It should be noted that variance components V_I, V_S and V_R are expressed in different units and are therefore not readily comparable. V_I and V_R are in units of Y² and independent of X, whereas V_S is in units of Y² X⁻². Thus, it is important to recognize that in real‐world situations the relative magnitude of this variance component will be influenced by the units and scaling of X (see Nussey, Wilson, & Brommer 2007; Table 1 and discussion for standardization method).

Table 1. Examples of the influence of rescaling the environmental variable (X) on variance component estimates from a random regression analysis. Variance component estimates are derived from a single (simulated) data set but with the environmental covariate (X) scaled in different ways. On the natural scale, simulated X is distributed with a mean and variance of 0·99 and 3·89, respectively. Observed phenotypic variance across all data (V_P*) is 33·21. However, the scaling will depend on units of measurement (e.g. X in cm is 10X in mm) and any standardization applied. Here, X_SDU is expressed in standard deviation units. X_MC is on the natural scale but mean centred, and X_SDU.MC is in standard deviation units and mean centred

	Environmental covariate
	X	10X	X_SDU	X_MC	X_SDU.MC
V_I	4·75	4·75	4·75	6·04	6·04
V_S	1·33	0·01	5·11	1·33	5·11
V_R	5·33	5·33	5·33	5·33	5·33
cov(IS)	−0·09	−0·01	−0·18	2·69	5·09
r _IS	−0·04	−0·04	−0·04	0·95	0·92
V_I/(V_I + V_R)⁻¹ = τ_x = 0	0·47	0·47	0·47	0·53	0·53
V_I/V_P*	0·14	0·14	0·14	0·18	0·18
V_S/V_P*	0·04	0·0003	0·15	0·04	0·15
τ (min–max)	0·47–0·95	0·47–0·95	0·47–0·95	0·47–0·95	0·47–0·95

Simulation functions

We developed three functions for use with the R statistics package (R Development Core Team 2009) to explore the statistical power associated with random regression–based analyses of I × E. These functions and their related help files are freely available on the Comprehensive R Archive Network (CRAN; http://www.r‐project.org/) in a package called ‘pamm’ (power analysis with mixed models). The first function – PAMM, Power Analysis for Mixed Models – is intended to help one design a sample structure (i.e. number of individuals and number of replicates) to detect a user‐specified level of I × E with an expectation of acceptable power. The second function – EAMM, Exploratory power Analysis for Mixed Models – is useful for the situation when the sampling structure is determined already, but the researcher wishes to estimate his or her power to detect (co)variance components of various magnitudes. In other words, given a sampling design already in place, what level of I × E might a researcher realistically hope to detect. The third function – SSF, Sampling Size Function – is intended to help design a sampling structure to detect variance in random intercepts and/or slopes, given a constraint on the number of total observations that can be made. Note that these functions are designed to help understand the statistical power of varying experimental or observational designs. However, what actually constitutes ‘sufficient power’ is of course a question for the researcher.

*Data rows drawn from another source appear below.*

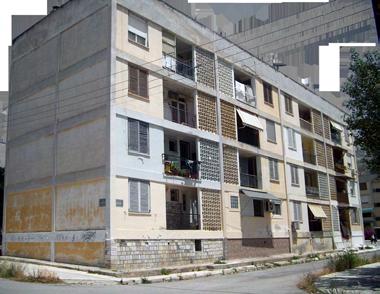 Πιο συγκεκριμένα, προτείνεται η αξιοποίηση ενός διαμερίσματος κάθε κτηρίου των τυπολογιών (201) και (310) για την συναναστροφή των κατοίκων στο εσωτερικό της πολυκατοικίας.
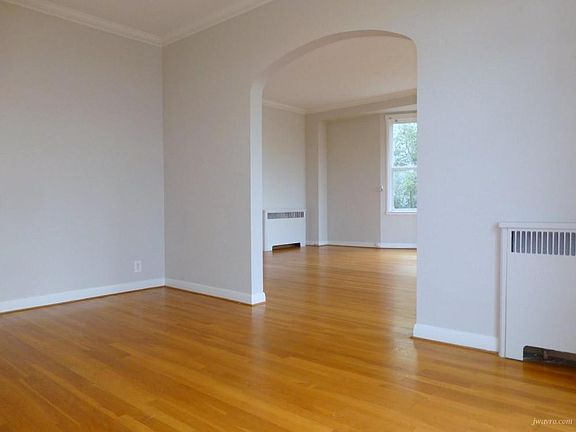 5th image of 1790 Jackson St APT 204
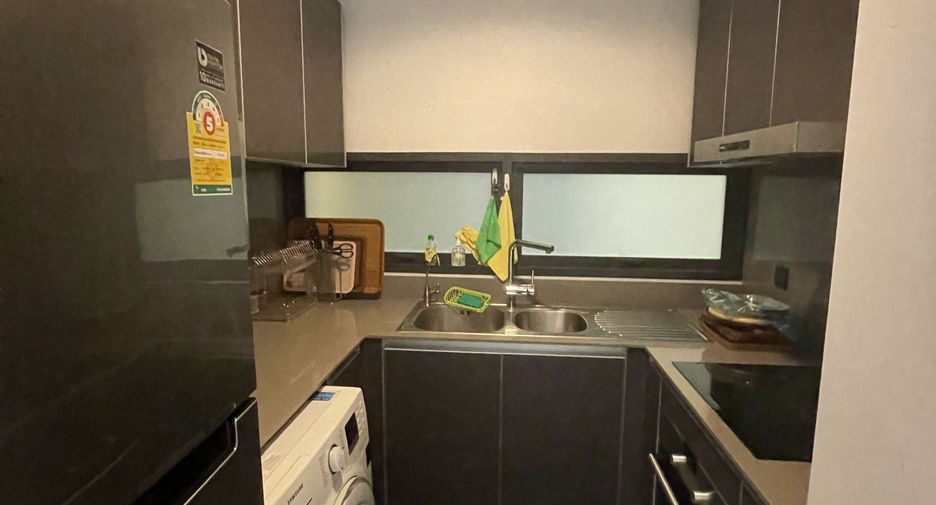 For sale 2 bedrooms condo in Sathon, Bangkok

Details on use and structure of the three different functions are provided in Appendix S1. Briefly, functions are built on iterative simulations of a balanced data set given a specified random (co)variance structure and sampling structure (number of individuals and number of observations for each individual). Mixed models are then fitted to the simulated data using the ‘lmer()’ function from the ‘lme4’ package in R (Bates, Maechler, & Dai 2008). Random effect significance is assessed using REML log‐likelihood ratio tests (LRTs) between models with and without the relevant random effects term. Following Pinheiro & Bates (2000), the log LRT statistic is assessed against a χ² distribution with degrees of freedom equal to the difference in the number of parameters in the models for random variation being compared. Thus, in our simulations, the significance of a random intercept term is assessed against a single degree of freedom (i.e. by comparison between a model with the random intercept fitted and one without any random term). In contrast, the significance of I × E is assessed against two degrees of freedom as we compare the log‐likelihood of the full I × E model [in which V_I, V_S and cov(I,S) are estimated] to that of a model with just the random intercept fitted [i.e. V_I estimated but not V_S or cov(I,S)]. Power is estimated as the percentage of simulations that provide a P‐value smaller than 0·05.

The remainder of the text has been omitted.